On 12/06/2019 19:25, Bjorn Andersson wrote:

> On Wed 12 Jun 09:24 PDT 2019, Marc Gonzalez wrote:
> 
>> On 05/06/2019 01:24, Bjorn Andersson wrote:
>>
>>> After issuing a PHY_START request to the QMP, the hardware documentation
>>> states that the software should wait for the PCS_READY_STATUS to become 1.
>>>
>>> With the introduction of c9b589791fc1 ("phy: qcom: Utilize UFS reset
>>> controller") an additional 1ms delay was introduced between the start
>>> request and the check of the status bit.

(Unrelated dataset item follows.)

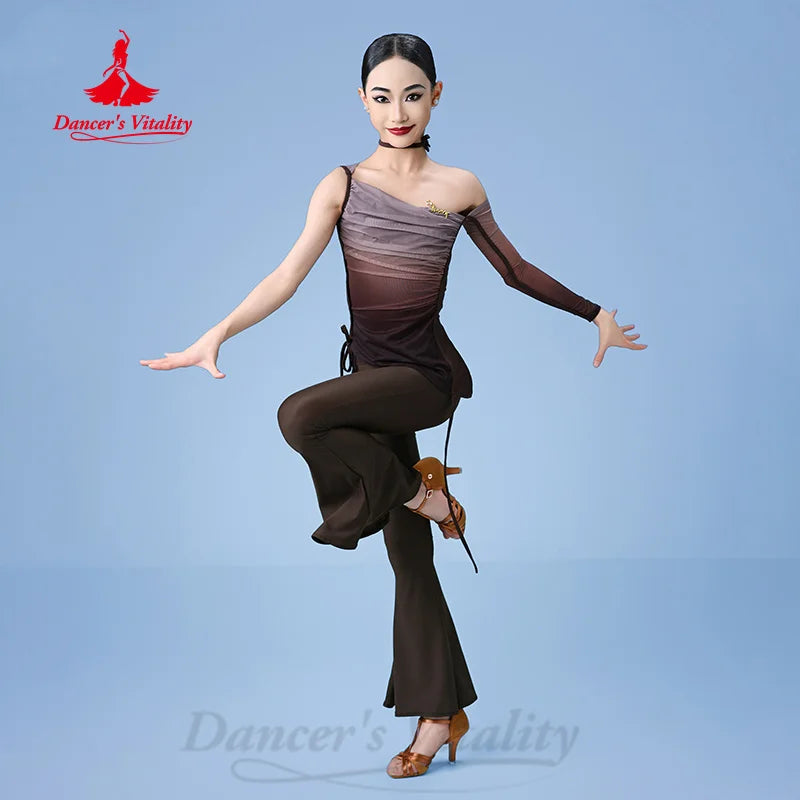 Girls' Ombre One-Shoulder Mesh Latin Dance Top and Flared Pants Set - Brown/Beige, Ruched, Long Sleeve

This greatly increases the
>>> chances for the hardware to actually becoming ready before the status
>>> bit is read.
>>>
>>> The result can be seen in that UFS PHY enabling is now reported as a
>>> failure in 10% of the boots on SDM845, which is a clear regression from
>>> the previous rare/occasional failure.
>>>
>>> This patch fixes the "break condition" of the poll to check for the
>>> correct state of the status bit.
>>>
>>> Unfortunately PCIe on 8996 and 8998 does not specify the mask_pcs_ready
>>> register, which means that the code checks a bit that's always 0. So the
>>> patch also fixes these, in order to not regress these targets.
>>>
>>> Cc: sta...@vger.kernel.org
>>> Cc: Evan Green <evgr...@chromium.org>
>>> Cc: Marc Gonzalez <marc.w.gonza...@free.fr>
>>> Cc: Vivek Gautam <vivek.gau...@codeaurora.org>
>>> Fixes: 73d7ec899bd8 ("phy: qcom-qmp: Add msm8998 PCIe QMP PHY support")
>>> Fixes: e78f3d15e115 ("phy: qcom-qmp: new qmp phy driver for qcom-chipsets")
>>> Signed-off-by: Bjorn Andersson <bjorn.anders...@linaro.org>
>>> ---
>>>
>>> @Kishon, this is a regression spotted in v5.2-rc1, so please consider 
>>> applying
>>> this towards v5.2.
>>>
>>>  drivers/phy/qualcomm/phy-qcom-qmp.c | 4 +++-
>>>  1 file changed, 3 insertions(+), 1 deletion(-)
>>>
>>> diff --git a/drivers/phy/qualcomm/phy-qcom-qmp.c 
>>> b/drivers/phy/qualcomm/phy-qcom-qmp.c
>>> index cd91b4179b10..43abdfd0deed 100644
>>> --- a/drivers/phy/qualcomm/phy-qcom-qmp.c
>>> +++ b/drivers/phy/qualcomm/phy-qcom-qmp.c
>>> @@ -1074,6 +1074,7 @@ static const struct qmp_phy_cfg msm8996_pciephy_cfg = 
>>> {
>>>  
>>>     .start_ctrl             = PCS_START | PLL_READY_GATE_EN,
>>>     .pwrdn_ctrl             = SW_PWRDN | REFCLK_DRV_DSBL,
>>> +   .mask_pcs_ready         = PHYSTATUS,
>>>     .mask_com_pcs_ready     = PCS_READY,
>>>  
>>>     .has_phy_com_ctrl       = true,
>>> @@ -1253,6 +1254,7 @@ static const struct qmp_phy_cfg msm8998_pciephy_cfg = 
>>> {
>>>  
>>>     .start_ctrl             = SERDES_START | PCS_START,
>>>     .pwrdn_ctrl             = SW_PWRDN | REFCLK_DRV_DSBL,
>>> +   .mask_pcs_ready         = PHYSTATUS,
>>>     .mask_com_pcs_ready     = PCS_READY,
>>>  };
>>>  
>>> @@ -1547,7 +1549,7 @@ static int qcom_qmp_phy_enable(struct phy *phy)
>>>     status = pcs + cfg->regs[QPHY_PCS_READY_STATUS];
>>>     mask = cfg->mask_pcs_ready;
>>>  
>>> -   ret = readl_poll_timeout(status, val, !(val & mask), 1,
>>> +   ret = readl_poll_timeout(status, val, val & mask, 1,
>>>                              PHY_INIT_COMPLETE_TIMEOUT);
>>>     if (ret) {
>>>             dev_err(qmp->dev, "phy initialization timed-out\n");
>>
>> Your patch made me realize that:
>> msm8998_pciephy_cfg.has_phy_com_ctrl = false
>> thus
>> msm8998_pciephy_cfg.mask_com_pcs_ready is useless, AFAICT.
> 
> While 8998 has a COM block, it does (among other things) not have a
> ready bit. So afaict has_phy_com_ctrl = false is correct.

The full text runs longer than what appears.